Everyone prefers cash to holding a debt which yields so low an interest.

In this event, the monetary authority would have lost effective control over the rate of interest.

This might become practically important in future, but I know of no example of it hitherto.

Most monetary authorities are unwilling to deal boldly in long term debts.

  • This is why this has not been tested.

If this did happen, it would mean that the public authority itself could borrow through the banking system on an unlimited scale at a nominal rate of interest.

  1. The complete breakdown of stability in the interest rates, due to the liquidity function flattening out has occurred in very abnormal circumstances.

This happened in Russia and Central Europe after the war, as a currency crisis.

  • No one could be induced to keep money.
  • Even a high interest rate was unable to keep pace with the returns on investments (especially of stocks of liquid goods) because people expected an ever greater fall in the value of money

In 1932, a financial crisis happened in the US when no one could be induced to part with money.

  1. Chapter 11, Section 4 mentions the difficulty of bringing down the effective interest rate.

This is important in an era of low interest-rates.

The intermediate costs of bringing the borrower and the ultimate lender together, and the allowance for risk, especially for moral risk, which the lender requires over and above the pure rate of interest.

The pure rate of interest declines it does not follow that the allowances for expense and risk decline pari passu.

Thus, the rate of interest which the typical borrower has to pay may decline more slowly than the pure rate of interest, and may be incapable of being brought, by the methods of the existing banking and financial organisation, below a certain minimum figure.

This is particularly important if the estimation of moral risk is appreciable. For where the risk is due to doubt in the mind of the lender concerning the honesty of the borrower, there is nothing in the mind of a borrower who does not intend to be dishonest to offset the resultant higher charge.

It is also important in the case of short-term loans (e.g. bank loans) where the expenses are heavy; — a bank may have to charge its customers 1 1/2 to 2 per cent., even if the pure rate of interest to the lender is nil.

What is the relationship between interest rates and the Quantity Theory of Money?

In a static society where no one feels any uncertainty about the future rates of interest, the Liquidity Function L2 or the propensity to hoard, will always be 0 in equilibrium.

Hence in equilibrium:

M2 = 0 and M = M1.

Any change in M will cause the rate of interest to fluctuate until income reaches a level at which the change in M1 is equal to the supposed change in M.

M1V = Y

  • V is the income-velocity of money as defined above
  • Y is the aggregate income

Thus if it is practicable to measure the quantity, 0, and the price, P, of current output, we have Y = OP, and, therefore, MY = OP; which is much the same as the Quantity Theory of Money in its traditional form.[2]

The great fault in the Quantity Theory is that it does not distinguish between changes in prices which are a function of changes in output, and those which are a function of changes in the wage-unit.[3]

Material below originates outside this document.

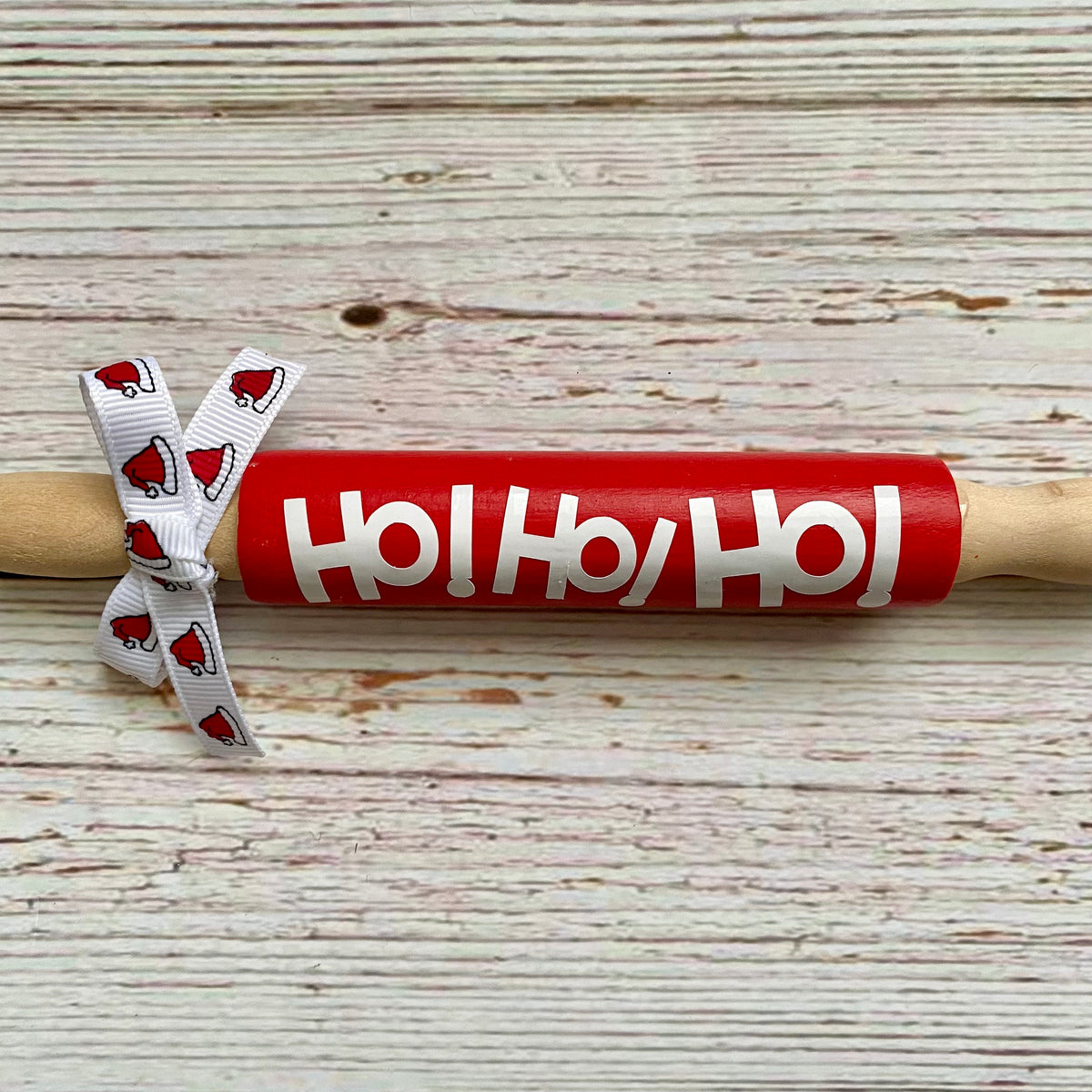 A wooden rolling pin wrapped in a bright red paper sleeve printed with 'Ho! Ho! Ho!' in white, tied with a white ribbon featuring red Santa hats, set on a rustic white-washed wood background.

The explanation of this omission is, perhaps, to be found in the assumptions that there is no propensity to hoard and that there is always full employment.

For in this case, O being constant and M2 being zero, it follows, if we can take V also as constant, that both the wage-unit and the price-level will be directly proportional to the quantity of money.


Author’s Footnotes

  1. We must postpone to Book V. the question of what will determine the character of the new equilibrium.

  2. If we had defined V, not as equal to Y/M, but as equal to Y/M, then, of course, the Quantity Theory is a truism which holds in all circumstances, though without significance.

  3. This point will be further developed in Chapter 21 below.